Ynen and Hildy thoroughly agreed. “But,” Hildy said, “why doesn't anyone ever find Libby Beer?” She lay down to peer under the mainsail, as if she expected to find Libby Beer just in the offing, in the other half of the gray, leaping sea.

“She's all grapes and squashy berries,” said Ynen. “She must get waterlogged in no time. It would be a miracle if we had her, too.”

Mitt laughed and slapped the knobby pocket of his red and yellow breeches. “I clean forgot to this moment! Miracle it is. Here. Look.” He dragged the little wax model of Libby Beer out of his pocket. Like Poor Old Ammet, she was rather the worse for wear. The wax berries were flattened, with cloth marks imprinted on them, and the ribbons were muddy strings. But she could hardly have delighted Ynen and Hildy more had she been new and gay and gleaming.

“Oh, beautiful!” said Ynen. “We must be the luckiest boat in the world. May I lash her to the stern?”

“Carry on,” said Mitt.

“She's lovely!” said Hildy, fingering Libby Beer while Ynen unrolled more twine. “I've always wanted one of these, but they won't let us buy things at the stalls. Those little tiny rose hips. How did you get her?”

“While I was on the run,” said Mitt. “Lady at a stall gave her me for luck.”

“You mean she knew you were running away?” Hildy asked, reluctantly giving Libby Beer to Ynen to be tied behind the tiller.

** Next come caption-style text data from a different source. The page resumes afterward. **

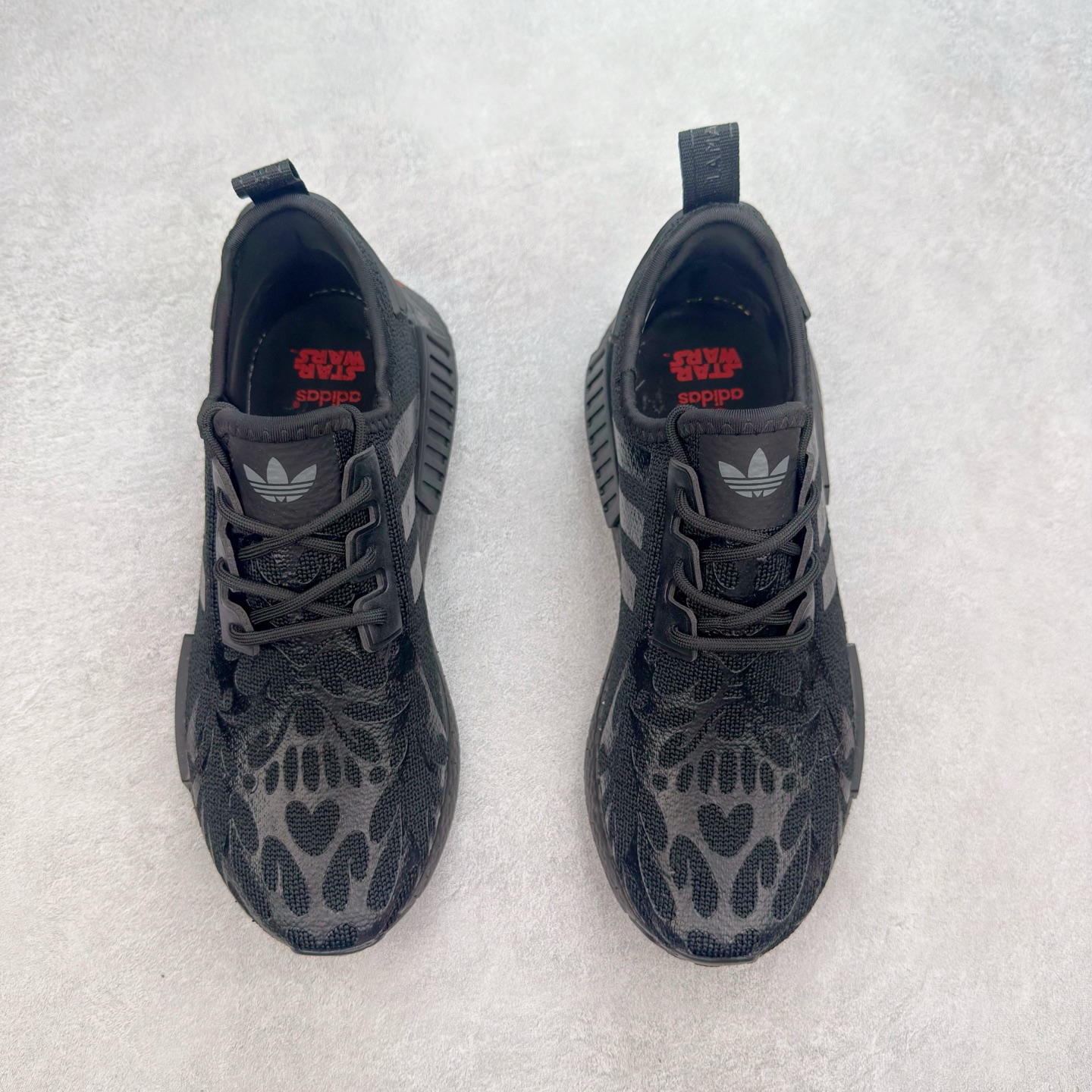 图片[2]-AD Originals NMD_R1 爆米花织物运动日常支撑低帮生活休闲鞋 IE6000 弹力针鞋织面 原高装弹Boost颗大粒底 缓震能性卓越 体质盈轻且冲抗击 整鞋双子的透气和性舒适完度美！尺码：36 36.5 37.5 38 38.5 39 40 40.5 41 42 42.5 43 44 44.5 45-选品中心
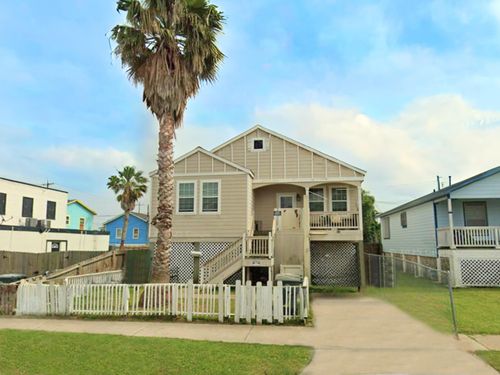 3711 Ball, Galveston, TX, 77550-1251 | Card Image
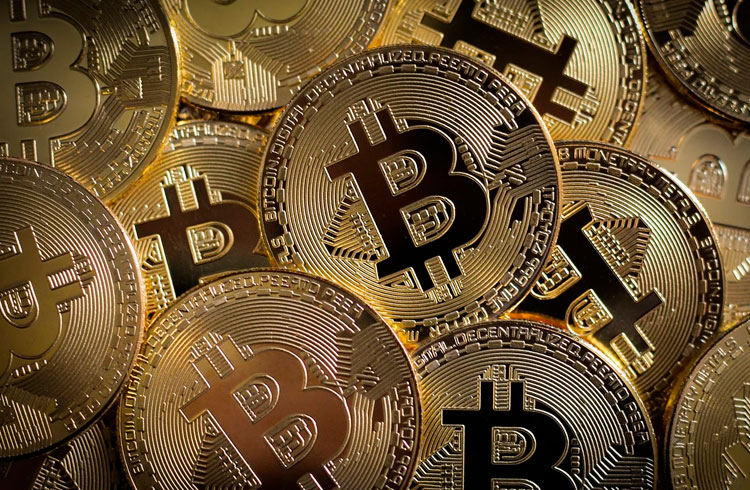 Bitcoin valoriza mais um dia; Chainlink salta 10% nesta terça-feira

“No,” said Mitt. He fixed his eyes on the gently heaving horizon and wished this silly female would understand what Holand was like for the likes of him. “She found out I was on the run just after, when the soldiers came asking. She gave me Libby Beer to cheer me up—I had a face as long as Flate Dike, see, not knowing where to go or what I dared do. Then, when the soldiers asked, she had to say she seen me. She didn't dare not tell. That's how people are. It's different for you.”

Ynen considered this while he tied careful knots round the wax figure. “We're on the run, too, now—in a way. Why is it different? If a fisherman sees
Wind's Road
, he'll tell. And I don't feel miserable about it.”

Mitt knew Ynen had missed the point. He thought of Milda, Hobin, and the babies, of all the waterfront people who used to laugh at him selling fish, all the dozens of people he would never see again, and he was almost exasperated enough with Ynen to push him from the stern, where he was crouching, into the sea. “But you've not put yourself outside the law, have you?”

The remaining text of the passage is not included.